Op-Ed: L.A. County’s juvenile facilities need leaders willing to fix a broken system

LOS ANGELES-CA-JULY 23, 2014: Services Director Melissa Stutenroth passes through an old walkway at
A Probation Department staff member passes through an old walkway at Central Juvenile Hall in Los Angeles on July 23, 2014.
(Christina House / Los Angeles Times)

There is a video online of Los Angeles County Probation Chief Terri McDonald addressing a gathering of women in criminal justice last year where she describes how she arrived at her career choice. She jovially tells the packed auditorium that she didn’t go into corrections because of a “profound desire to heal human beings,” but rather because she “played softball with some women who were prison guards and they drove nice cars.”

Although she went on in her speech to say she has come to approach corrections with compassion, her initial laugh line reveals a lot about the woman who runs the largest and highest-profile youth detention program in the world. As the guardian of thousands of youths from backgrounds saturated with trauma, McDonald should realize there is little room for humor in discussing her motivation, especially when she and her second in command over juveniles, Chief Deputy Probation Officer Sheila Mitchell, preside over a failing system.

For the record:
9:15 AM, May. 28, 2019 An earlier version of this article said that oversight of children in detention often falls to deputy service officers.
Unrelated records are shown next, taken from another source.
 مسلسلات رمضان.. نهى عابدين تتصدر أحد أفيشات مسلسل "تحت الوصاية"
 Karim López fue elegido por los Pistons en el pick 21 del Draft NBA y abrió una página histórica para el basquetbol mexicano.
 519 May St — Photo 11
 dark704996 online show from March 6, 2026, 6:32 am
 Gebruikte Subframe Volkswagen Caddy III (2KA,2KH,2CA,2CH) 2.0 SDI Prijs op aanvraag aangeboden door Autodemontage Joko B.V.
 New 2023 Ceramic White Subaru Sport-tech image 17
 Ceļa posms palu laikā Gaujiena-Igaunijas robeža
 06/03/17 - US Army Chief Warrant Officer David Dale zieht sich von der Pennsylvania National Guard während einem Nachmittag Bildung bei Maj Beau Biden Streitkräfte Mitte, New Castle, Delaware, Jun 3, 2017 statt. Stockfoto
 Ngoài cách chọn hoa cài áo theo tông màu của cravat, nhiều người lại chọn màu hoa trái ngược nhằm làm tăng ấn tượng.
It should have said detention service officers. Also, the article said the Board of Supervisors has ordered the use of pepper spray to be phased out in juvenile detention facilities by the end of 2020. The supervisors have ordered it phased out by the end of 2019, although the department recently notified the board it would not fully eliminate use of the spray until the end of 2020.

As The Times recently reported, the Probation Department’s halls and camps housing juvenile offenders are in such disarray that large numbers of staffers don’t report for work out of fear. Those who do show up often have to work double shifts, which leads to exhaustion. Riots by detained youths, previously a rarity, now occur with regularity.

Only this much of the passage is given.